1. What has been your biggest personal accomplishment to this point? It can be something major (i.e. climbing Fuji!) or something small (i.e. successfully ordering a meal in Japanese on your own at a local restaurant.)
My biggest personal accomplishment will have to be drawn forth later, after agonizing deliberation, from a list of four things that immediately come to mind. I hit a double in softball and almost got someone home, which was a big deal for me, since I suck at softball and tend to drag the team down; I made a whole batch of good Si samples in lab, which even Shiren says are fine and will make good bases for our subsequent experiments; I made Yoko laugh so hard that she almost fell over; I gave a satisfactory mid project presentation to Kono-sensei during his recent visit to Tokyo, despite general lack of sleep and incessant failure of recent experiments to produce usable results.

2. What has been your biggest personal challenge to this point?
My biggest personal challenge has been remaining awake and attentive during our Monday and Tuesday morning graduate student presentations. The science is beyond me to the point where even basic definitions of the terms being tossed around are unknown, and I have to really kick myself to approach speakers afterward and ask questions. A lot of times I feel like, “These projects aren’t even related to mine, and no one is going to care if I didn’t follow what was said, and I’m tired and learning plenty enough as it is, so what’s the point?”. This is not admirable, and so I struggle to act in ways different from how I feel and to change how I feel in this regard. Sorry!

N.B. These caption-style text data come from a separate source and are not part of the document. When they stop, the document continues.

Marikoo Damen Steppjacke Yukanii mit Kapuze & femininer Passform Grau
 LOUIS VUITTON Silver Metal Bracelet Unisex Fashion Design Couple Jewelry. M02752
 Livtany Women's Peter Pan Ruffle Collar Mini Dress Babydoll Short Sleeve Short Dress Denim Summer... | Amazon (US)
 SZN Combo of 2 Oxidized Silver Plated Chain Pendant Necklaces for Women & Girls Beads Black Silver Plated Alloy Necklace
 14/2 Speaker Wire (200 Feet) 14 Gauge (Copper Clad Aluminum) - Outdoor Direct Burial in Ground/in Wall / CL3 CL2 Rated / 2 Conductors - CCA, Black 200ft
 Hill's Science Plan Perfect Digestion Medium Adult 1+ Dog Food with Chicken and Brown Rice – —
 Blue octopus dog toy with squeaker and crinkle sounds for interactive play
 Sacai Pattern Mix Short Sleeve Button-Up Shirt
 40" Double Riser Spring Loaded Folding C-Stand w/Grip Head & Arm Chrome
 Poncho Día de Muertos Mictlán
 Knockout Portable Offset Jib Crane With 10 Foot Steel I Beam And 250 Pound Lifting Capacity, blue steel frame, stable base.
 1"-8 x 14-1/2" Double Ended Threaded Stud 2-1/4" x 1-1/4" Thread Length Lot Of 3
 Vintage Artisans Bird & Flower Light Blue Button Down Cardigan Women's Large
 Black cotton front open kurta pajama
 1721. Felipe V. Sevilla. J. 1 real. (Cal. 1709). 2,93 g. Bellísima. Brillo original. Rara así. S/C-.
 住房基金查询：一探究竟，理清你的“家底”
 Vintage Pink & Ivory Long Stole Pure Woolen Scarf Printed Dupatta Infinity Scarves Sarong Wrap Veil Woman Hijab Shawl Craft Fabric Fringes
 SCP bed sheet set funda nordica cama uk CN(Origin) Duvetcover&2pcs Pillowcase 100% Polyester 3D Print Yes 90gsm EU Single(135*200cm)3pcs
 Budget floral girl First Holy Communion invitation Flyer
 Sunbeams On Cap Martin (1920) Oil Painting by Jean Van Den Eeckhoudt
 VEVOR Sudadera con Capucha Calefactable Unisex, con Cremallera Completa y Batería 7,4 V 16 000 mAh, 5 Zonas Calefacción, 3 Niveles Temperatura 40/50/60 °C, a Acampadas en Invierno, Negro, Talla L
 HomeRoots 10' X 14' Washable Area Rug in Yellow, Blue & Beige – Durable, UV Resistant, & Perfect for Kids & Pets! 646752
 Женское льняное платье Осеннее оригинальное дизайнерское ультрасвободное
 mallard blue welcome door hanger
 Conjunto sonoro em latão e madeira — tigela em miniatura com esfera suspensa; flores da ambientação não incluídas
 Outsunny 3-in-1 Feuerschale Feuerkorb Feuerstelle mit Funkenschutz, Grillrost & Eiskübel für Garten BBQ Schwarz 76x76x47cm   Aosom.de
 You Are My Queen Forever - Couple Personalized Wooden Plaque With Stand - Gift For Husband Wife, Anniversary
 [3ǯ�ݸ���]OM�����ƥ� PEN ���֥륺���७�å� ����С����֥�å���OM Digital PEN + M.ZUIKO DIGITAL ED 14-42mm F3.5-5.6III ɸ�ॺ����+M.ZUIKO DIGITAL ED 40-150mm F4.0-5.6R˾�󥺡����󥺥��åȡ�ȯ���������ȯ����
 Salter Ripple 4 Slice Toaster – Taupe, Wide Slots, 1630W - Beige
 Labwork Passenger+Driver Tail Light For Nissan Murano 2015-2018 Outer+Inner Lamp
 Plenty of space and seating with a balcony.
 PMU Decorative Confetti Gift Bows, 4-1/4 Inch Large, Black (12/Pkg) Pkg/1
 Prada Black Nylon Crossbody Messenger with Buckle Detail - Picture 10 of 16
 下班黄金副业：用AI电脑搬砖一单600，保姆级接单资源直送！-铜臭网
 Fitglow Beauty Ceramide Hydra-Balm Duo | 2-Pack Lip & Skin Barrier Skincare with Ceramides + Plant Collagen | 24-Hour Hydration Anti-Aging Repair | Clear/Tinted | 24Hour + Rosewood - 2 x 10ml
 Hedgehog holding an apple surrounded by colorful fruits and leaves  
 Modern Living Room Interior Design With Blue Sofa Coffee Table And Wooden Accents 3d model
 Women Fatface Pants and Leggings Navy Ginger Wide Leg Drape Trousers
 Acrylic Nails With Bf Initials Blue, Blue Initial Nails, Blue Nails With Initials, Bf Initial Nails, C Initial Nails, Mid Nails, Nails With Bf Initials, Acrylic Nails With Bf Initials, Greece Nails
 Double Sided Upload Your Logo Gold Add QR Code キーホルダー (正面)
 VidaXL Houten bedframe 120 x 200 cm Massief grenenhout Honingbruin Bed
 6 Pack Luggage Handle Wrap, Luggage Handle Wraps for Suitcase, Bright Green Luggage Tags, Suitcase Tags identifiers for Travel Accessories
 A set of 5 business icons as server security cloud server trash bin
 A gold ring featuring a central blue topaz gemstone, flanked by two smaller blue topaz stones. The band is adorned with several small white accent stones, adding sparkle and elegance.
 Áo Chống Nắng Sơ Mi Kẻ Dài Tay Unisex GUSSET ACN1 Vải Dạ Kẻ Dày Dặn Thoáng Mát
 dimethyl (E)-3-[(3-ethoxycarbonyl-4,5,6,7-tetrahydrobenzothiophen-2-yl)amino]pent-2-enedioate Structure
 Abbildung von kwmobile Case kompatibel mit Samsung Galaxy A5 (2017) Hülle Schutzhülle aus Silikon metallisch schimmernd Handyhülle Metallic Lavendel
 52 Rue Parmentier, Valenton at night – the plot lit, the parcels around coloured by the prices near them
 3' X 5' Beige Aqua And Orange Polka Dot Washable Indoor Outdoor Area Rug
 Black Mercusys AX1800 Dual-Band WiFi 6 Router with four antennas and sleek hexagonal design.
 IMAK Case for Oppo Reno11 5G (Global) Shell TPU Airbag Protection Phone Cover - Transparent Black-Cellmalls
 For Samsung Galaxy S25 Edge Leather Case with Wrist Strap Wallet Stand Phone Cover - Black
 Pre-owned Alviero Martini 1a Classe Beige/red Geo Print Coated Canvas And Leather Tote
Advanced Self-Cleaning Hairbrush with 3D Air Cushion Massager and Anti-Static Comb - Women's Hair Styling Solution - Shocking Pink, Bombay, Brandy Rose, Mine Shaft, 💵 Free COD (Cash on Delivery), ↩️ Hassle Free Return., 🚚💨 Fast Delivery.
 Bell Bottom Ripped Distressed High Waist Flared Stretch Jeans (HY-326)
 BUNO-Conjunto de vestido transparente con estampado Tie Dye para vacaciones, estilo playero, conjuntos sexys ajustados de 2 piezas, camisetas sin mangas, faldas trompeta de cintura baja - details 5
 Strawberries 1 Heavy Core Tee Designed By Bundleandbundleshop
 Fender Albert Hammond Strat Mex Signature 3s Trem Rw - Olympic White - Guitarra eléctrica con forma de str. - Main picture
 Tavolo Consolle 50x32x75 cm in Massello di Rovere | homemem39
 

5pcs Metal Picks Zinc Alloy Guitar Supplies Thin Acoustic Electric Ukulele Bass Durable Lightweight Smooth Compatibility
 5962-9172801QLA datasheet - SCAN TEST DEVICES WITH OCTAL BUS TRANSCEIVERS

3. How are you progressing with your research, especially with regards to your anticipated timeline? Are there any issues with your research about which we need to be aware?
My research is shifting more and more from the original project (silicon stair-step quantum computers with isotopic transistors) to another team’s project (metal-oxide semiconductor field effect transistors), for which I am studying boron diffusion in silicon. There seems to be no problem for anyone with this shift, and the projects are related enough that RQI drafts aren’t totally wrong.

4. How are you progressing with your Japanese language studies? How would you rate your proficiency at this point?
I can hold really silly basic conversations with people. Comparing my progress here with my progress in China, I would give myself much lower marks for acquisition of new words and grammar structures, but I would give myself (surprisingly) higher marks for listening comprehension. I think that this may be because I am working in an environment in which Japanese is the primary language, so I am personally affected by how much I understand. I also think that Japanese is easier to understand than Chinese. I wish I was learning more, but I’m here for only a short time, and the days are packed as it is.

5. Are there any other issues that you would like to discuss during the mid-term meeting that are related to the success of the rest of your summer in Japan?
I want to learn how to make two important purchases: an international cellphone and a kanji dictionary. I have learned that IP card cellphones work in any country in the world, that they often have much better rates than pre-paid card phones, and that they are the top choice for people who travel frequently. I have also learned that electronic dictionaries exist that not only allow users to draw kanji and obtain a bilingual definition, but that these dictionaries contain kanji learning games! There are even models that are trilingual: English, Japanese, and Chinese. I want to make these two purchases before I leave Japan, and I am having trouble learning where and how. Any help would be much appreciated.